As we start to crank up for the publicity drive for our new book, The Breakthrough Challenge: 10 Ways to Connect Today’s Profits With Tomorrow’s Bottom Line (John Elkington & Jochen Zeitz, Jossey-Bass, San Francisco, September 2014), our antennae are increasingly sensitive to news indicating that our agenda is engaging.
Given that one of the key arguments in the book is that we need to change not only accounting but also capitalism’s master discipline of economics, it was interesting to see the front page story in today’s Financial Times, headlined ‘China puts quality of life ahead of GDP.’
The FT concludes that the move, “which follows a directive issued by top leaders last year, is among the first concrete signs of China switching its blind pursuit of economic growth at all costs towards measures that encourage better quality of life.”
The logic behind the move is interesting.

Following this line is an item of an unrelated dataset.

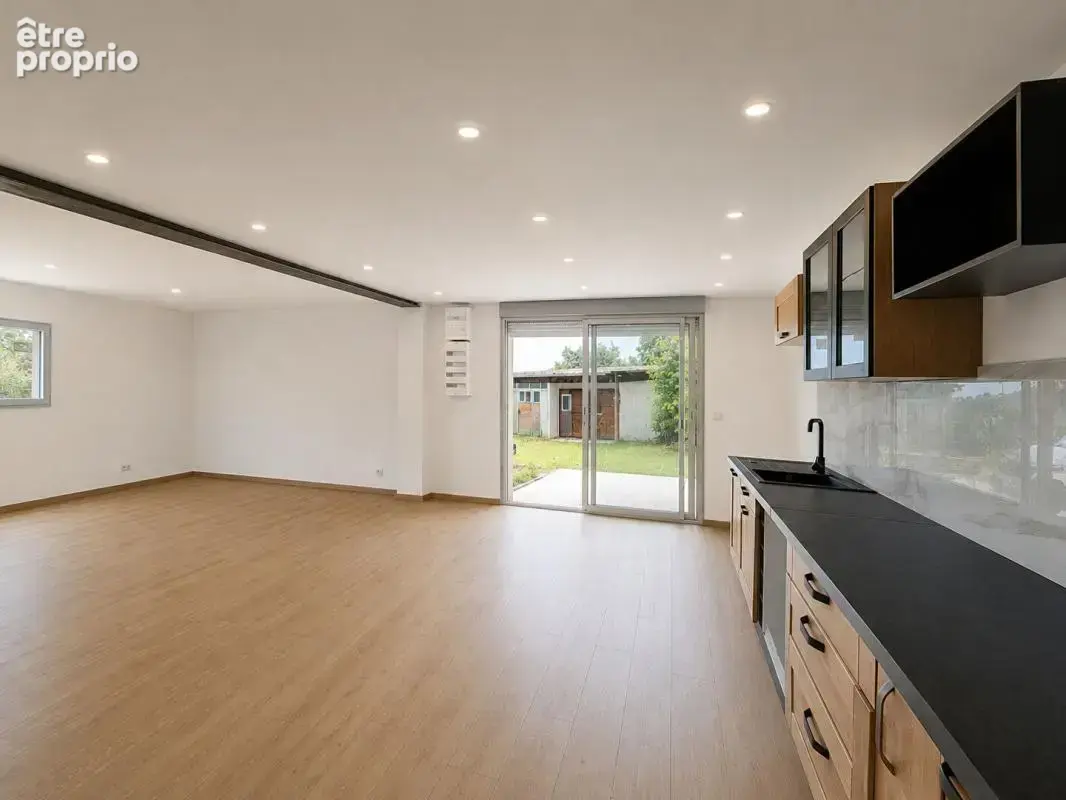 St Martin de valaglgues-Maison 195 m² - 5 chambres - Terrain 5 267 m² - photo 11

As the FT reports, “Analysts say that adherence to GDP as a performance metric – thus linking it to local officials’ promotion – has contributed to environmental degradation and urban sprawl as officials encouraged heavy industry and bulldozed agricultural land to build housing developments.” Among others, the FT quotes Xie Yaxuan, head of macroeconomic analysis at China Merchants Securities in Shenzhen. His view: “Using GDP as the main assessment method has caused a lot of problems, like unequal income distribution, problems with the social welfare system and environmental costs.”
The initiatives spotlighted largely relate to smaller cities and counties, and the FT notes that larger cities and regions are still riddled with patronage and other forms of corruption (a subject the paper also covers, this time with a full-page story on page 7). But big things can grow from small seeds – and major breakthroughs often start with Aha! moments that most people would ignore.